한빛사논문
Rajesh Ghosh 1,10, Hyou-Arm Joung 2,3,10, Artem Goncharov 2,3, Barath Palanisamy 1, Kevin Ngo 1, Katarina Pejcinovic 1, Nicole Krockenberger 1, Elizabeth J. Horn 4, Omai B. Garner 5, Ezdehar Ghazal 6, Andrew O’Kula 6, Paul M. Arnaboldi 6,7, Raymond J. Dattwyler 6,7, Aydogan Ozcan 1,2,3,8,* & Dino Di Carlo 1,3,9,*
1Bioengineering Department, University of California, Los Angeles, CA 90095, USA.
2Electrical & Computer Engineering Department, University of California, Los Angeles, CA 90095, USA.
3California NanoSystems Institute (CNSI), University of California, Los Angeles, CA 90095, USA.
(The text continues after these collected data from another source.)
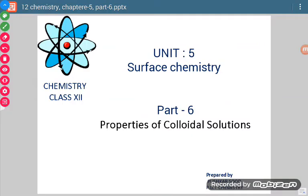Good morning students. Today we are going to discuss properties of colloidal solutions. We are going to discuss a few properties, not all properties in this session — one by one.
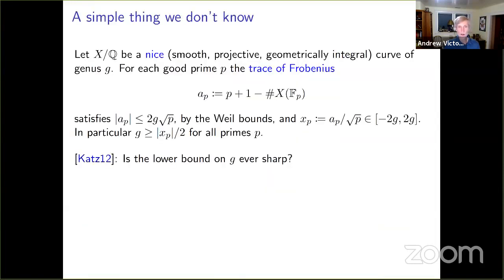I'll kick off with a question of Nick Katz from 2012. Let x be a nice curve defined over Q — smooth, projective, geometrically integral. For each prime p, we can compute the trace of Frobenius as p+1 minus the number of F_p rational points. The Weil bounds give an integer whose absolute value is bounded by 2g times the square root of p. Normalizing by dividing by √p gives a real number between −2g and 2g, so the genus is bounded below by half the absolute value of the normalized trace. Katz asked whether this lower bound could always be made sharp.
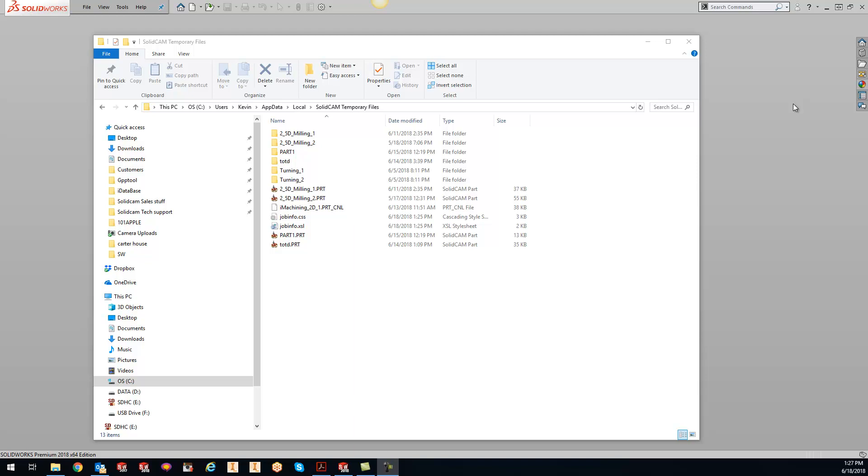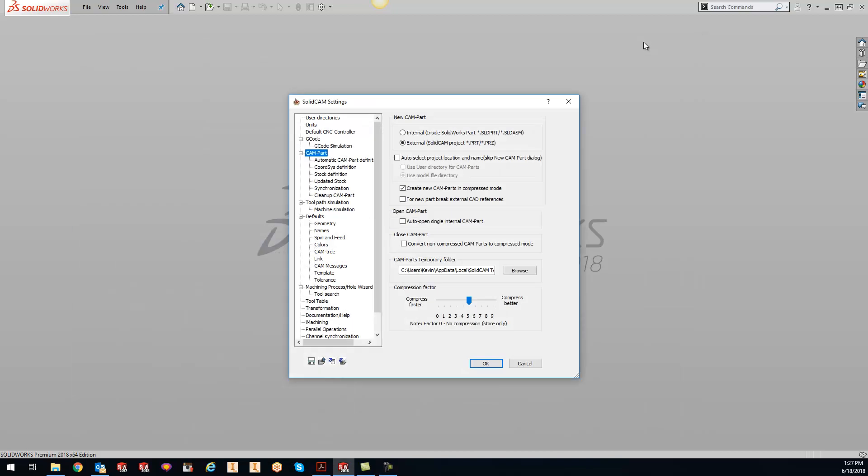To find where that folder is located, open up your SolidCAM settings, go to CAM part, and right down here at the bottom it should be going to C:\Users\[username]\AppData\Local\Temp directory.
4Lyme Disease Biobank, Portland, Oregon, OR 97221, USA.
5Department of Pathology and Laboratory Medicine, University of California, Los Angeles, CA 90095, USA.
6Department of Pathology, Microbiology, and Immunology, New York Medical College, Valhalla, NY 10595, USA.
7Biopeptides, Corp, Ridgefield, CT 06877, USA.
8Department of Surgery, University of California, Los Angeles, CA 90095, USA.
9Department of Mechanical Engineering, University of California, Los Angeles, CA 90095, USA.
10These authors contributed equally: Rajesh Ghosh, Hyou-Arm Joung.
*Corresponding authors: correspondence to Aydogan Ozcan or Dino Di Carlo
Abstract
Point-of-care serological and direct antigen testing offers actionable insights for diagnosing challenging illnesses, empowering distributed health systems. Here, we report a POC-compatible serologic test for Lyme disease (LD), leveraging synthetic peptides specific to LD antibodies and a paper-based platform for rapid, and cost-effective diagnosis. Antigenic epitopes conserved across Borrelia burgdorferi genospecies, targeted by IgG and IgM antibodies, are selected to develop a multiplexed panel for detection of LD antibodies from patient sera. Multiple peptide epitopes, when combined synergistically with a machine learning-based diagnostic model achieve high sensitivity without sacrificing specificity. Blinded validation with 15 LD-positive and 15 negative samples shows 95.5% sensitivity and 100% specificity. Blind testing with the CDC’s LD repository samples confirms the test accuracy, matching lab-based two-tier results, correctly differentiating between LD and look-alike diseases. This LD diagnostic test could potentially replace the cumbersome two-tier testing, improving diagnosis and enabling earlier treatment while facilitating immune monitoring and surveillance.